*** Opening of EXTRACTED MATERIAL ***

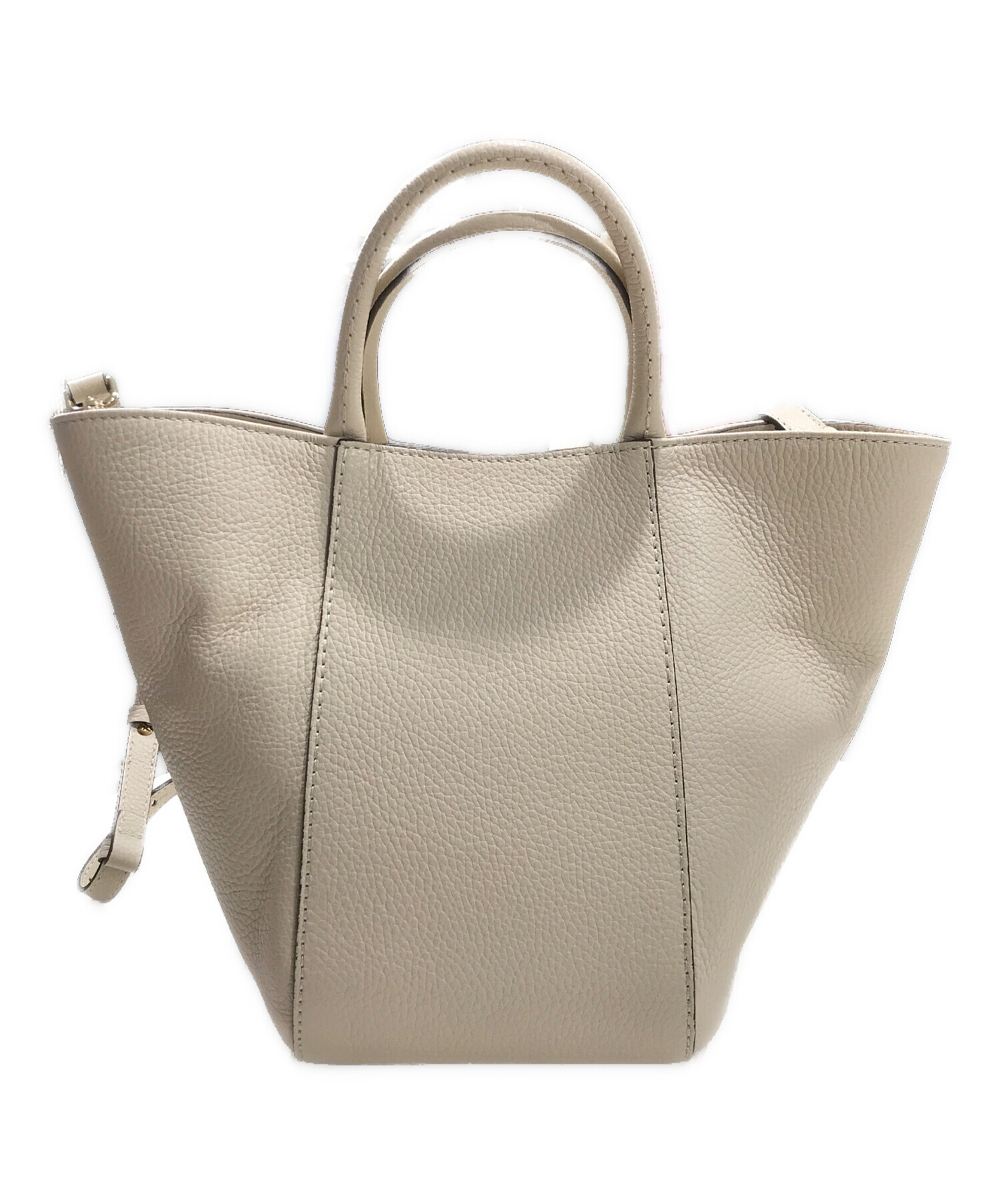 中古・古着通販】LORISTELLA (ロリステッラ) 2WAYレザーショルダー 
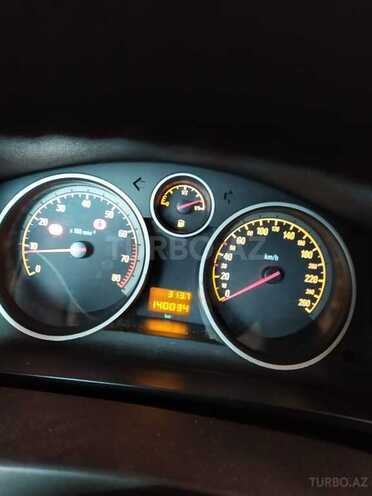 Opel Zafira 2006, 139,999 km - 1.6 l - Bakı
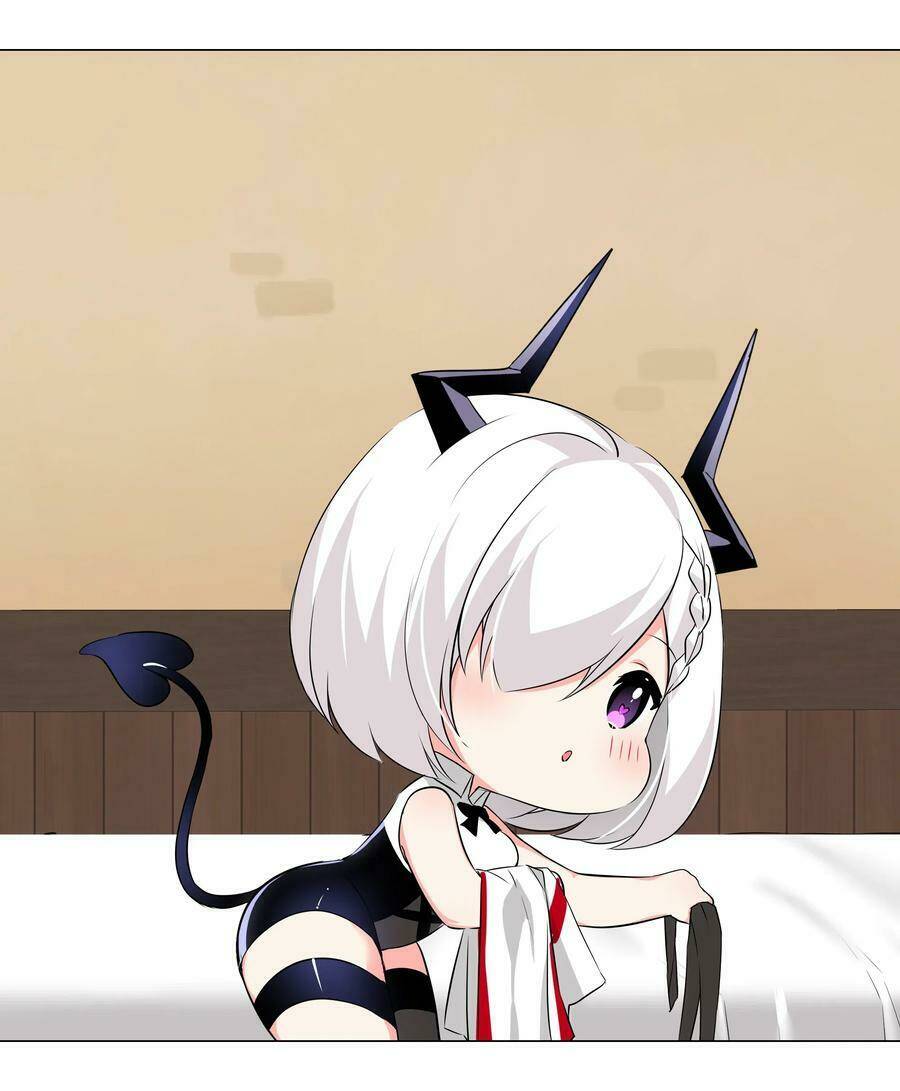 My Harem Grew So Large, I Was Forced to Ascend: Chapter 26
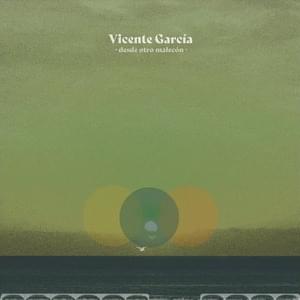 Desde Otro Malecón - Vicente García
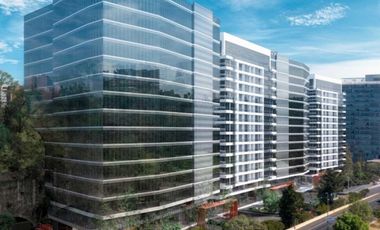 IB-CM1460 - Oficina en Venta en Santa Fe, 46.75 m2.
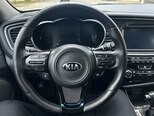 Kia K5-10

*** Close of EXTRACTED MATERIAL ***

▶ _TASK DESCRIPTION_: Copy out, with no pictures, the lines from the one containing "Opel Zafira 2006, 139,999 km - 1.6 l - Bakı" through the last line of the data above, both ends included and each word unchanged.

▶ _FINISHED EXERCISE_:
 Opel Zafira 2006, 139,999 km - 1.6 l - Bakı
 My Harem Grew So Large, I Was Forced to Ascend: Chapter 26
 Desde Otro Malecón - Vicente García
 IB-CM1460 - Oficina en Venta en Santa Fe, 46.75 m2.
 Kia K5-10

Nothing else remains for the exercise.